- [How to complete this task] Transcribe the records that follow exactly. Skip the pictures.

[Records to process — start]

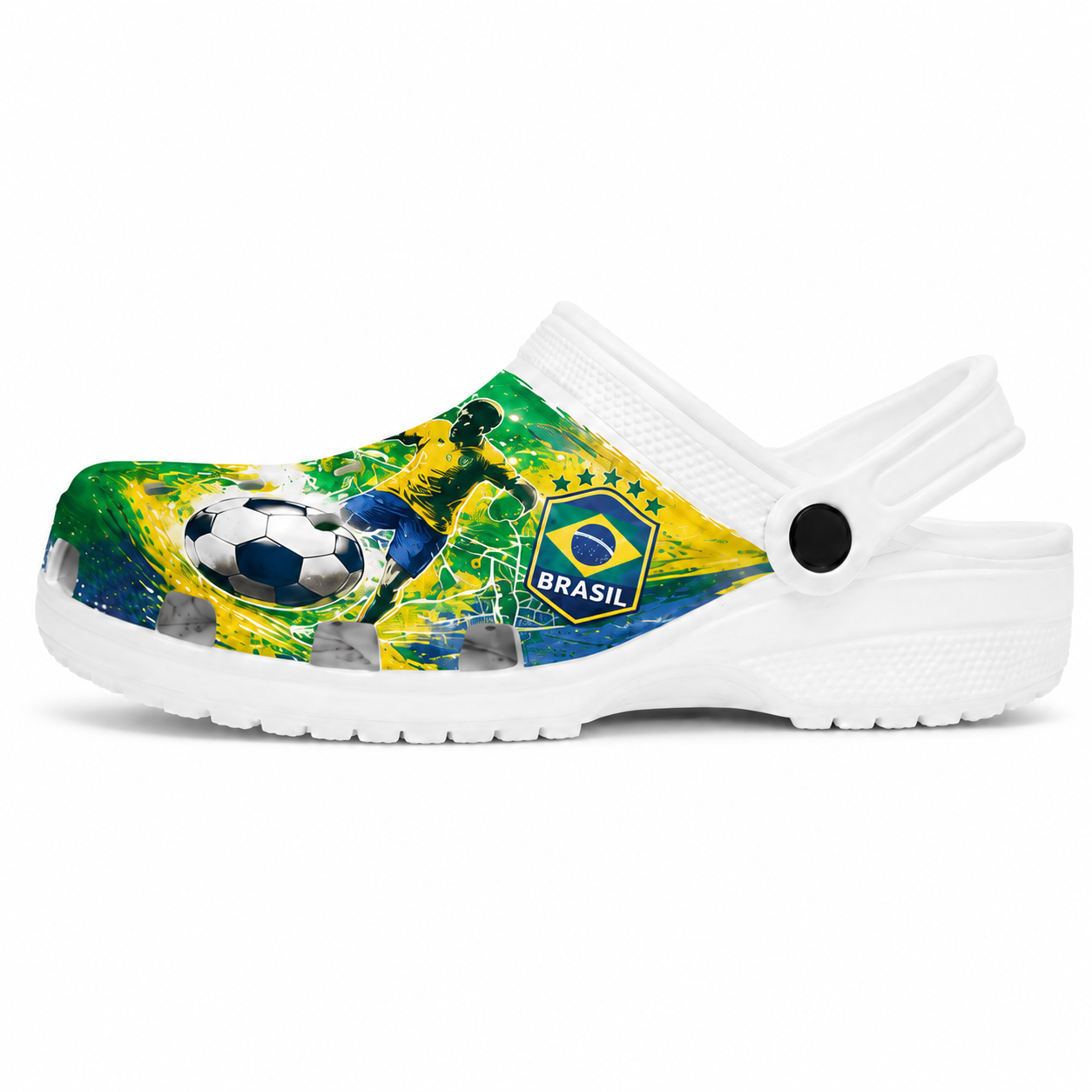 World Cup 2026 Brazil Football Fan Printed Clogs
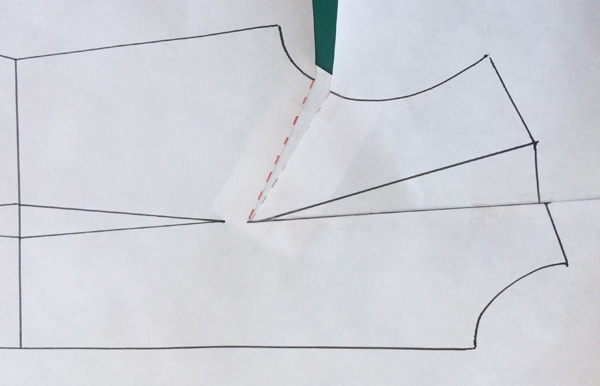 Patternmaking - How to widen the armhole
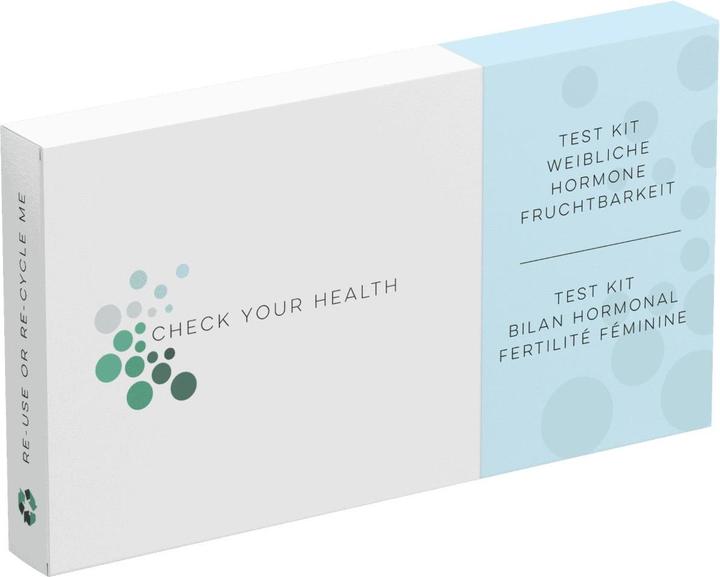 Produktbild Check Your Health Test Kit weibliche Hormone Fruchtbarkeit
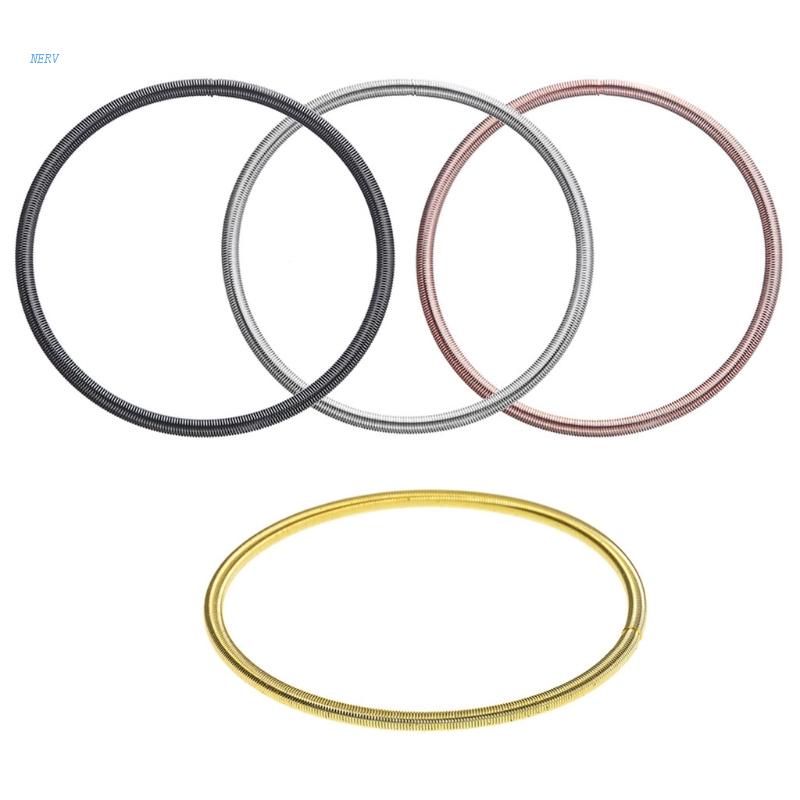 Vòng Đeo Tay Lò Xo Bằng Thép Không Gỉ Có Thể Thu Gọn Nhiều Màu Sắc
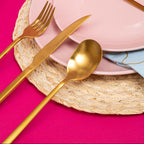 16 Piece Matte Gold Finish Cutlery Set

[Records to process — finish]

- [Result]
 World Cup 2026 Brazil Football Fan Printed Clogs
 Patternmaking - How to widen the armhole
 Produktbild Check Your Health Test Kit weibliche Hormone Fruchtbarkeit
 Vòng Đeo Tay Lò Xo Bằng Thép Không Gỉ Có Thể Thu Gọn Nhiều Màu Sắc
 16 Piece Matte Gold Finish Cutlery Set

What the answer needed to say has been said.